Hi Oleg,
Thanks for the response.
From your response, I understand that neither the client nor the OST
informs the MDS/MST about the write completion. Also, you mentioned that
there is no meta data locking while writing.
I seem to get a bit confused here. Sorry for that. :(
Say, there is a file already striped across multiple OSTs and now some
client wants to write to that file. Now it sends a request to the MDS to
get the EA attributes for that file and based on that,the client would
directly write to the corresponding OSTs. So once the client has completed
writing to the file, how does the MDS/MST know that it has to release the
lock it has created on the metadata of that file.
The manual states that:
"→ In Lustre, creating a new file causes the client to contact a metadata
server, which creates an inode for the file and then contacts the OSTs to
create objects that will actually hold file data. Metadata for the objects
is held in the inode as extended attributes for the file.
→ Within the OST, data is actually read and written to underlying storage
known as Object-Based Disks (OBDs). Subsequent I/O to the newly created
file is done directly between the client and the OST, which interacts with
the underlying OBDs to read and write data. *The metadata server is only
updated when additional namespace changes associated with the new file are
required.*"
I am trying to understand how does the MDS know about the completion of
clients read/write operations on a new/exiting file. Also, the write cache
you mentioned is part of the client or OSS node??\
Can you please help me in understanding these questions. I am trying to
understand the Lustre File system replication design document that is being
implemented by Intel. Some confusion in the basic concepts is making it
difficult for me to understand that document.
Thanks,
Akhilesh Gadde.
On Sun, Apr 5, 2015 at 12:42 AM, Drokin, Oleg <oleg.drokin(a)intel.com> wrote:
Hello!
On Apr 4, 2015, at 5:14 PM, Akhilesh Gadde wrote:
> Hi,
>
> I am pretty new to Lustre and trying to understand a few things wrt to
the File Read/Write operations.
>
> 1. When the client wants to read a file, it obtains the EA layout
information for that file from the MDT and then accesses the file directly
from OST(s).
>
> 2. When the client wants to write a file, it contacts the MDT and MDT
would provide the list of OSTs on which the file could be striped across.

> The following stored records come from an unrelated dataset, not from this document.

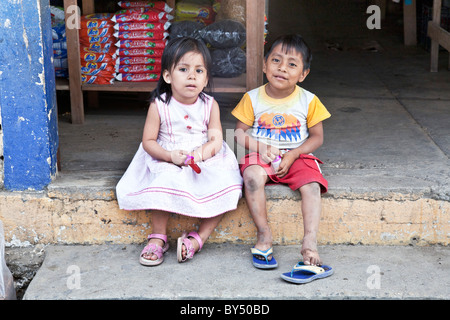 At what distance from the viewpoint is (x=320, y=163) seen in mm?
3160

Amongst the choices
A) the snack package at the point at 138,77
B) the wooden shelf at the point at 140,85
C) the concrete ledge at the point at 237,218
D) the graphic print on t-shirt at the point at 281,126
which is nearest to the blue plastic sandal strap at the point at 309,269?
the concrete ledge at the point at 237,218

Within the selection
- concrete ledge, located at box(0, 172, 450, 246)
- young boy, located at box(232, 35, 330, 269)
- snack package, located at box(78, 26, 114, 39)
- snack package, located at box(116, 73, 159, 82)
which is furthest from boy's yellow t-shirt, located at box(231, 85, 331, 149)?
snack package, located at box(78, 26, 114, 39)

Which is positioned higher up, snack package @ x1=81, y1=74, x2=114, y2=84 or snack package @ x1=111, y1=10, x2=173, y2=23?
snack package @ x1=111, y1=10, x2=173, y2=23

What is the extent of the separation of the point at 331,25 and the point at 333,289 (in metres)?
5.75

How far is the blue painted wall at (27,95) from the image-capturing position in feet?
8.84

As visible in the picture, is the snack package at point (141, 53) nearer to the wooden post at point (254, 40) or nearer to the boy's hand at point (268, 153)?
the wooden post at point (254, 40)

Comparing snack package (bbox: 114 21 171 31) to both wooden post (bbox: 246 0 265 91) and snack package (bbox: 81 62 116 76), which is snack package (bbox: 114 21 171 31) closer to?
snack package (bbox: 81 62 116 76)

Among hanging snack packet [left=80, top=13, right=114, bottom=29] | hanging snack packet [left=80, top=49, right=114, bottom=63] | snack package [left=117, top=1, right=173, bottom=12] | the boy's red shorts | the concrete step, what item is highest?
snack package [left=117, top=1, right=173, bottom=12]

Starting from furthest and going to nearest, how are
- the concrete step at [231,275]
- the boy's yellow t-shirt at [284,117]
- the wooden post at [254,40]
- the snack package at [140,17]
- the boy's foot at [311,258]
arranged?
the snack package at [140,17]
the wooden post at [254,40]
the boy's yellow t-shirt at [284,117]
the boy's foot at [311,258]
the concrete step at [231,275]

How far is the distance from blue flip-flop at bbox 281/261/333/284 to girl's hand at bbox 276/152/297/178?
0.46 metres

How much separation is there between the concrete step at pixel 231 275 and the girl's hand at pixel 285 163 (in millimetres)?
362

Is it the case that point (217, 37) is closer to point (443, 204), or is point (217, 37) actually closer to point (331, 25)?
point (443, 204)

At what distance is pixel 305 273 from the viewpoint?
8.68ft

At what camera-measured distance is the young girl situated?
2748mm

(MDT gives OSTs based on the available free space in OSTs - round robin or
weighted as given in manual).
>
> --> Once the client completes the write operation, would the client
inform the MDS about the completion and so release the locks on file
metadata or the OSS/OST would communicate this information to the MDS/MDT ??

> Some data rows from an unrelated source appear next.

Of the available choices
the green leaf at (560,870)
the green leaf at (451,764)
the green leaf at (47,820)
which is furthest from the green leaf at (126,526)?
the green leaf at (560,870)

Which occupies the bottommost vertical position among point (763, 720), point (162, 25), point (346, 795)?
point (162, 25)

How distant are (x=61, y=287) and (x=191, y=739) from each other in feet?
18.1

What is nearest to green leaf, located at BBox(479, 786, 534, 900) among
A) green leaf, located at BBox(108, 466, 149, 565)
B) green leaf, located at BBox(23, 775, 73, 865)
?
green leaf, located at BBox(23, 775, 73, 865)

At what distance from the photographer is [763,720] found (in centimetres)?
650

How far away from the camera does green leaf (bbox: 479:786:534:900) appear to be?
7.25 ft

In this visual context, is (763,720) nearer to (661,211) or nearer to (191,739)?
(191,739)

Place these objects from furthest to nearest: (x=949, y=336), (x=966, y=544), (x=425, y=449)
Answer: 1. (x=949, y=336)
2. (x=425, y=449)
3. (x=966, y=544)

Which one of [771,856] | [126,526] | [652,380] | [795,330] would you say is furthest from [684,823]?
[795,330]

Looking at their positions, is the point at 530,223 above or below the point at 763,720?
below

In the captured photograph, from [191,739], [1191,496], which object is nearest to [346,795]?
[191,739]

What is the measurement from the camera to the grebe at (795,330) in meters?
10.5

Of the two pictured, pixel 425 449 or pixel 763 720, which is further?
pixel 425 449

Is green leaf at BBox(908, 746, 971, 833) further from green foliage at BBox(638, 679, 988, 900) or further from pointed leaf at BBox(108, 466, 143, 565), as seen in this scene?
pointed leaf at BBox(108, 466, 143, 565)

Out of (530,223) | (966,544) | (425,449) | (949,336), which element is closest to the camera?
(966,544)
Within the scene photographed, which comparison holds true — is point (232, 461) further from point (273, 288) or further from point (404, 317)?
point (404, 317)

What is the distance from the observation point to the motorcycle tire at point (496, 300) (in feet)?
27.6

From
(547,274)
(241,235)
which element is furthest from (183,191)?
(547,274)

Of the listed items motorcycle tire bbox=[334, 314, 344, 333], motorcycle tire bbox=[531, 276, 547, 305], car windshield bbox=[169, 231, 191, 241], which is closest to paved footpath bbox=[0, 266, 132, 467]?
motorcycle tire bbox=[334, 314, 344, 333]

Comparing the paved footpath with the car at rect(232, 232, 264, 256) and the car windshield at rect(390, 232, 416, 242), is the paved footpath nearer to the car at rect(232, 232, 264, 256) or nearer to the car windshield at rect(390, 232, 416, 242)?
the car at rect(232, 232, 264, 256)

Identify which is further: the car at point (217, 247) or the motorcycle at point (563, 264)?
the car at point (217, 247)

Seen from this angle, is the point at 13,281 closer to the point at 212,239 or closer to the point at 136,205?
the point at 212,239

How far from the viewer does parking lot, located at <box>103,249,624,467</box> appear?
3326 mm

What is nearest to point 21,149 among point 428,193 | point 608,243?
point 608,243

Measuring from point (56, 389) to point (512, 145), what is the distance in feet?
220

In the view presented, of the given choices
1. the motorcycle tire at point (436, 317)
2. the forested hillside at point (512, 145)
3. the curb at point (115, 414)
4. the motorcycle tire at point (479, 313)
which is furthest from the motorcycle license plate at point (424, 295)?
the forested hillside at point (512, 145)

Client does not inform MDS about write completion because MDS has no idea
(and currently does not care) about any such data activity.

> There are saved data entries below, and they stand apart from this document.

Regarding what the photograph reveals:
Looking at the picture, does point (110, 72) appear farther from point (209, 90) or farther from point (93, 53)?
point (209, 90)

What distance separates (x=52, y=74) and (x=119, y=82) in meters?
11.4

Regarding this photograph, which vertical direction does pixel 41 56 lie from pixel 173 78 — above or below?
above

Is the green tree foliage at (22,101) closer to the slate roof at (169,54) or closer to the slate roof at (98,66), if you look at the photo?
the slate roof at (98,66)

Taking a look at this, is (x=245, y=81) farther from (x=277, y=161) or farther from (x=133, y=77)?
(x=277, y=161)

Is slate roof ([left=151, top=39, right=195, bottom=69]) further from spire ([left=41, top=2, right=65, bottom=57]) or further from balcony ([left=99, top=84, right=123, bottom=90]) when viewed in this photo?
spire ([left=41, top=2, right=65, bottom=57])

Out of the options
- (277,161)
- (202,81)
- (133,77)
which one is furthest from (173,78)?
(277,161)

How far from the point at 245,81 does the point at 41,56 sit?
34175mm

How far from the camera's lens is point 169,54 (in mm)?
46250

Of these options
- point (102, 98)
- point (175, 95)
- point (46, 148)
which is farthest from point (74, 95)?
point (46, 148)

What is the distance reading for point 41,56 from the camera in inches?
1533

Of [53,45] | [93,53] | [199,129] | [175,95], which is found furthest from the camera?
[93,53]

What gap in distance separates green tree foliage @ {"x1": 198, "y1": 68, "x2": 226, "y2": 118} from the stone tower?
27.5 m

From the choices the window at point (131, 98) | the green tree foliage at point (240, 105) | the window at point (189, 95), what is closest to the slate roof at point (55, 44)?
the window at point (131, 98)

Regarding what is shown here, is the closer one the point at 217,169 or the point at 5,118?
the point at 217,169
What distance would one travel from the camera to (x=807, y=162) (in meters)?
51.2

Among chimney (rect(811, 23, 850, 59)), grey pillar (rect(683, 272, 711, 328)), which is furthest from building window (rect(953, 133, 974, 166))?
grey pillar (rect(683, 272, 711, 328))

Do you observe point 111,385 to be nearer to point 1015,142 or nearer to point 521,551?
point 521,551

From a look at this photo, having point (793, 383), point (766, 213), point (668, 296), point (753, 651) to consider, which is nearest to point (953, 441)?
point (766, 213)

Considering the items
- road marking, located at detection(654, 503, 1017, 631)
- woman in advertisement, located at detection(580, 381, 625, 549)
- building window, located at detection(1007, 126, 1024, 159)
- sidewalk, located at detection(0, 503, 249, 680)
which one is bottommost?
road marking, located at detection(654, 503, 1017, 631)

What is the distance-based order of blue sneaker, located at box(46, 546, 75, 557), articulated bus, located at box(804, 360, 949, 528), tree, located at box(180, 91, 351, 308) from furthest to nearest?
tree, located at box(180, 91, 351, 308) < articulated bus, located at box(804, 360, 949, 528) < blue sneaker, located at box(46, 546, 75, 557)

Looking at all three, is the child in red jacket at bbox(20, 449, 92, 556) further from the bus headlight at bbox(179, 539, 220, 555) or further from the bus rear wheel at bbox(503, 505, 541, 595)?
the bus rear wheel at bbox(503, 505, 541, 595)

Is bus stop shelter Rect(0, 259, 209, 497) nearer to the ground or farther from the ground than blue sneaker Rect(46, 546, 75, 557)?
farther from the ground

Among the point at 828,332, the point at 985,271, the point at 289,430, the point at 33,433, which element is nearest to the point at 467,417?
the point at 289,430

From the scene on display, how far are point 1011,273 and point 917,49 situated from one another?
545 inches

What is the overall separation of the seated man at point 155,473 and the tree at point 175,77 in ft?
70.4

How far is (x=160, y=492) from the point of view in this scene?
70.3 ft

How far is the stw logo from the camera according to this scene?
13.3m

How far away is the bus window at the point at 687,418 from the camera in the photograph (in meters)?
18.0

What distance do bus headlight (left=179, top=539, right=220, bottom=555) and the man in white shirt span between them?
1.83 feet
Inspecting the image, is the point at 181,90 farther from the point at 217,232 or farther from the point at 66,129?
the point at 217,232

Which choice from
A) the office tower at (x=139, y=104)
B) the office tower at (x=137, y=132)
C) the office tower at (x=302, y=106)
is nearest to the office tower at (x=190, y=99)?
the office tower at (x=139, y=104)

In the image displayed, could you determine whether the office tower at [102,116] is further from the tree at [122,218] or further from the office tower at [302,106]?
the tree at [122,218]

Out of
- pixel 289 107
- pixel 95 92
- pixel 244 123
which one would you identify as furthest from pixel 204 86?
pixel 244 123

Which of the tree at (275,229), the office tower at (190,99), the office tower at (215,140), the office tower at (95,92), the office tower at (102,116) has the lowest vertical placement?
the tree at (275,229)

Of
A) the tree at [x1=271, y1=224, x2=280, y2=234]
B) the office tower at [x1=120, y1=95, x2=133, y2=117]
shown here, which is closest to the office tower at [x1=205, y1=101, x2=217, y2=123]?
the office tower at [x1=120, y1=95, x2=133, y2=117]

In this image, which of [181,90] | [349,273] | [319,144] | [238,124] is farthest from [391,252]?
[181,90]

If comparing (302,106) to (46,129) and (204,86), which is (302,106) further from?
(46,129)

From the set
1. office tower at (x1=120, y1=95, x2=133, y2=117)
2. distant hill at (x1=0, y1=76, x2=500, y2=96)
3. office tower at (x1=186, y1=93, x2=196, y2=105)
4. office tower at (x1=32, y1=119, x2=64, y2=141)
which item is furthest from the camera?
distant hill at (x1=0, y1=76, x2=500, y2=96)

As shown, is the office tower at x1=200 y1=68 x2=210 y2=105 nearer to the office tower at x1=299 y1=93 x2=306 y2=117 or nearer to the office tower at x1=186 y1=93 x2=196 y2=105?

Moreover, data and metadata locking are separate so there's no metadata
locking while writing.
The only bit of data MDS holds for a client that does IO is open file
handle, but in fact the client can close the file before the IO is actually
finished (since there's write caching,
and so the app might think it has done writing, but in reality the data is
still flowing from the cache to OSTs).
OSTs don't inform MDS about amy write completion either because MDS really
would not be able to do anything with this info anyway, and also OSTs don't
really know
if the client genuinely stopped writing or if it is just pausing before a
new burst of data will come in.
Bye,
Oleg